Around the world, e-retailers compete for holiday sales.
Thad Rueter , Senior Editor
Call it Christmas, Weihnachten, Noël or Navidad: E-retailers around the world have sprinkled digital snowflakes upon their web sites and trotted out holiday shopping deals. They often mirror the offers seen by U.S. consumers, though with local twists.
Take the biggest e-retail elf of them all, Amazon.com Inc., which is No. 1 in both the Internet Retailer Top 500 Guide, which focuses on North America, and the Top 400 Europe guide. Amazon’s U.K. site this week made relatively liberal use of the word “Christmas,” while the U.S. site focused more on the phrase “Cyber Monday,” which refers to the first workday after the U.S. Thanksgiving holiday, when marketers encourage consumers to shop from work computers.
That’s not to say one of the season’s holy days for shopping went unnoticed outside the United States—CompraFacil, No. 1 in the Top 300 Latin American Guide, this week displayed the term “Cyber Monday” front and center across its e-commerce site—only that U.S. e-retailers were less likely than their foreign peers to use “Christmas” than some variation of Cyber Monday, Cyber Week or Black Friday. U.K-based Next (via a tab marked “Christmas” that led to seasonal “partywear” and gifts), Germany-based Klingel.de (“Festliche Mode für Weihnacthen”—that is, “festive fashion for Christmas”) and France-based Kiabi.com (“Shopping de Noël”) were among the foreign e-retailers basing their sales pitches around the holiday’s official name.
That’s according to Internet Retailer’s wholly unscientific study of top e-commerce sites in the United States, Europe and Latin America, with editors keeping tabs not only on home pages but also social networks and e-mails to form this year’s ongoing study of how e-retailers are marketing their wares to holiday shoppers.

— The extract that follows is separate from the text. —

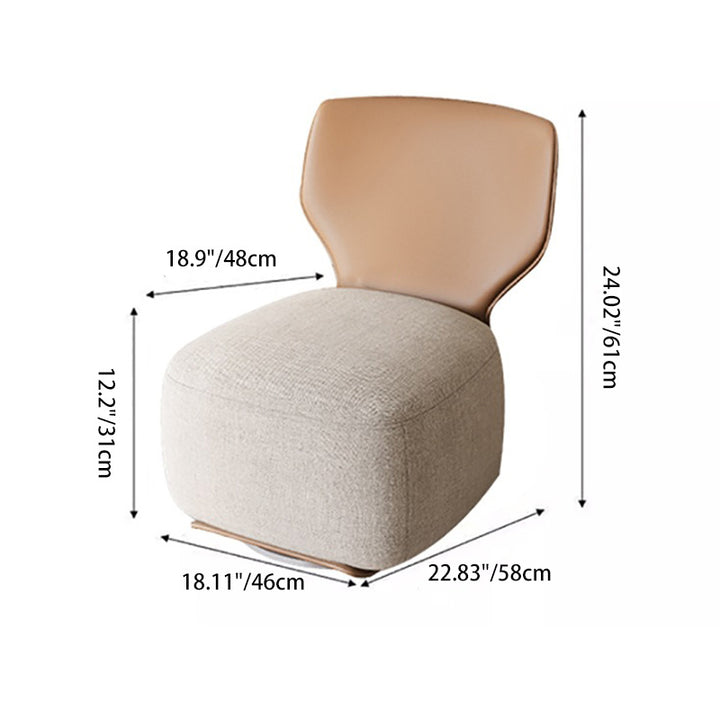 Canapé carré contemporain nordique en bois, coton lin et cuir PU pour chambre et salon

The review suggests that once you get past the language and labeling differences, there exists a cat-whisker’s worth of difference when it comes to holiday marketing on the web. Take Weltbild.de, a Germany-based online seller of books, DVDs, CDs, home and garden goods and other items. A little girl with golden locks holds a small wrapped gift box, with a tab at bottom—hier klicken—that sends the online shopper to what amounts to a gift center for various Christmas gifts, including toiletries, calendars, commemorative football (that is, soccer) books and gift cards. U.K.-based Tesco.com—the e-commerce version of the grocery and mass merchandise chain—meanwhile has a page that gives a real-time countdown to Christmas along with tips on cooking holiday food and the ability to buy the necessary groceries—as well as wine by the case and items from a more general Christmas gift guide.

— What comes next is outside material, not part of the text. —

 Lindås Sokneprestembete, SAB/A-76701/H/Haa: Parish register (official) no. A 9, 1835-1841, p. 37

Such efforts are close cousin to those found on sites like U.S.-based Buy.com, which, under the home-page label “’Tis the Season,” offered shoppers one-click access to the mass merchandiser’s holiday gift center. Jewelry seller BlueNile.com also made it easier for online shoppers to find holiday gifts through its holiday gift guide. Clicking on it takes the visitor to a page that displays nine large images that the consumer can click on one after the other with gift suggestions and links to product categories such as men’s, women’s and children.
Online holiday gift centers extend to pets, as well—or, in the case of Germany’s Zooplus.de, No. 85 in the Top 400 Europe, to all those hunde und katzen. A rotating hero shot on the pet supplies retailer’s home page showed a dog and cat—laying side by side, no less—under golden Christmas ornaments that seem to confuse the cat but utterly bore the dog. Clicking the image takes the shopper to a selection of gifts that include a furry mat for puppies, along with various types of treats, some of them shaped like candy canes.

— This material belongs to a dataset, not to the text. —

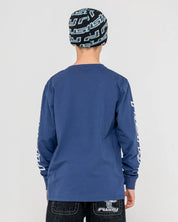 RUSTY JETSETTER LONG SLEEVE TEE BOYS GRAPHIC T SHIRT DARK BLUE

Like their U.S. counterparts, many foreign e-retailers also use discounts and shipping offers to bring in holiday sales. Next.co.uk, the U.K. apparel retailer, gave customers the option of free delivery to stores; Marks and Spencer, a U.K. merchant that sells clothes, beauty products, wine and high-end goods, was offering free next-day delivery to its stores for orders made by noon. Apple’s U.K. e-commerce arm advertised free delivery for orders of more than 80 pounds (US$128). Holiday-themed discounts included 10 euros (US$13) off purchases made by Dec. 3 from Germany’s Klingel.de. LittlewoodsEurope.com, meanwhile, was selling select Christmas toys at half off, while—on a more adult level—apparel retailer Very.co.uk was offering 40% on party dresses, including the sparkly types seen on women for Christmas and New Year’s Eve celebrations.